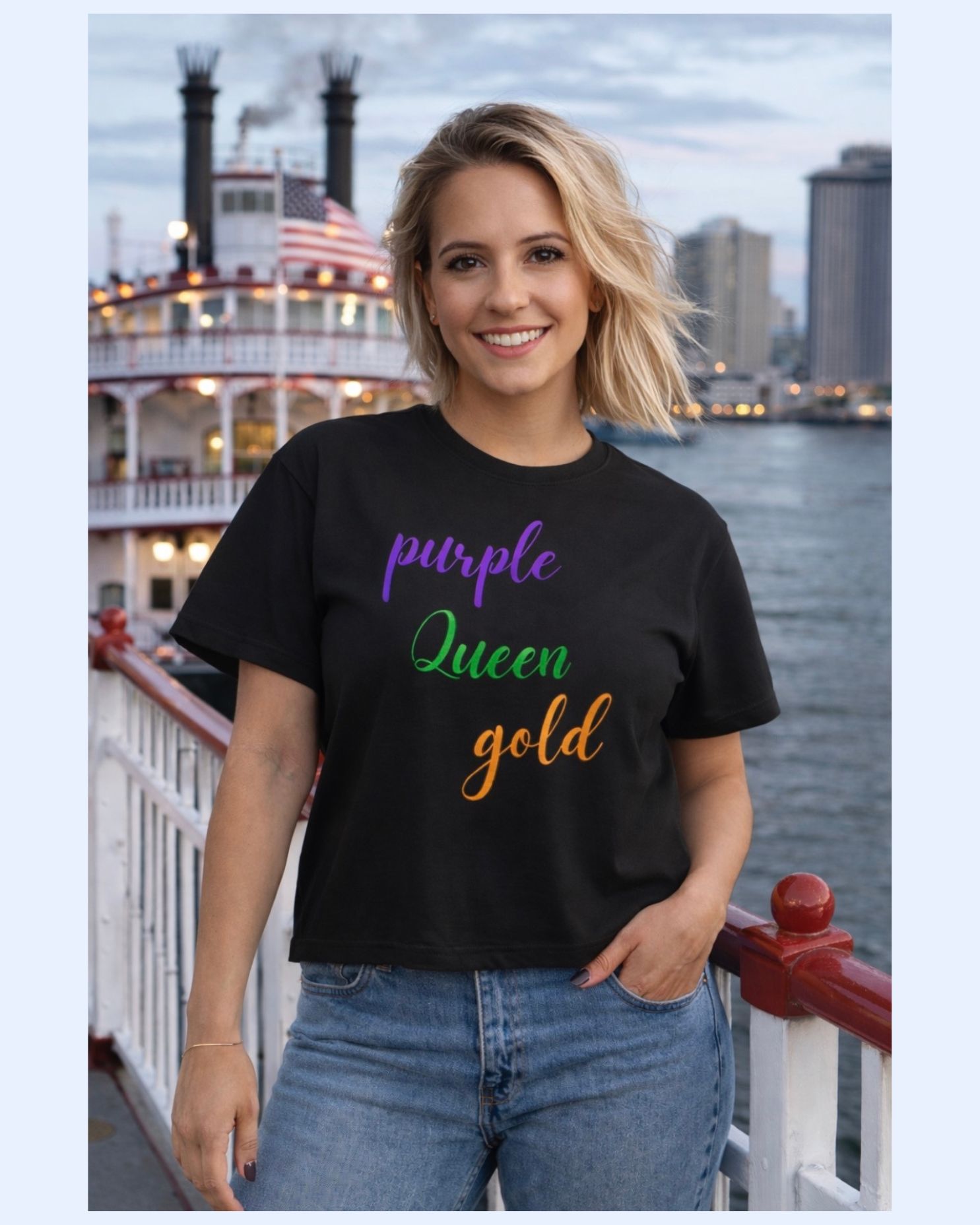 'Purple Queen Gold' popular boxy tee product thumbnail image 'Purple Queen Gold' popular boxy tee product thumbnail image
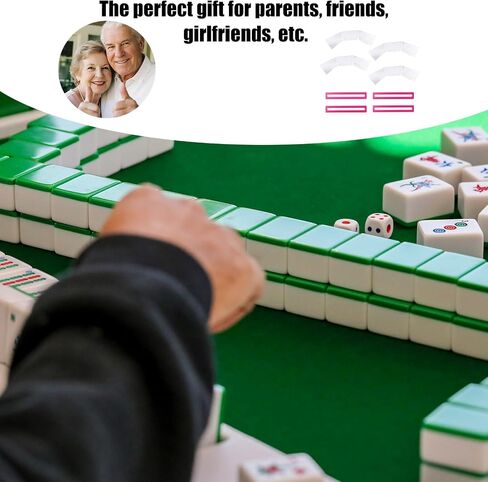 4 قطع من حافظات حماية بطاقة Mahjong و4 قطع من أدوات العثور على الخطوط، ومساعد قارئ القواعد الساطعة، ملحقات حامل غطاء الأكمام الواقي لبطاقة Mah Jong للاعبين المبتدئين in Saudi Arabia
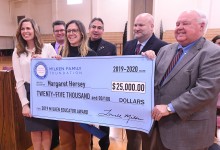 2019 MA Margaret Hersey check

→ What the exercise asks: Output the data exactly as it appears. The pictures do not belong in it.

→ Problem solution:
 'Purple Queen Gold' popular boxy tee product thumbnail image 'Purple Queen Gold' popular boxy tee product thumbnail image
 4 قطع من حافظات حماية بطاقة Mahjong و4 قطع من أدوات العثور على الخطوط، ومساعد قارئ القواعد الساطعة، ملحقات حامل غطاء الأكمام الواقي لبطاقة Mah Jong للاعبين المبتدئين in Saudi Arabia
 2019 MA Margaret Hersey check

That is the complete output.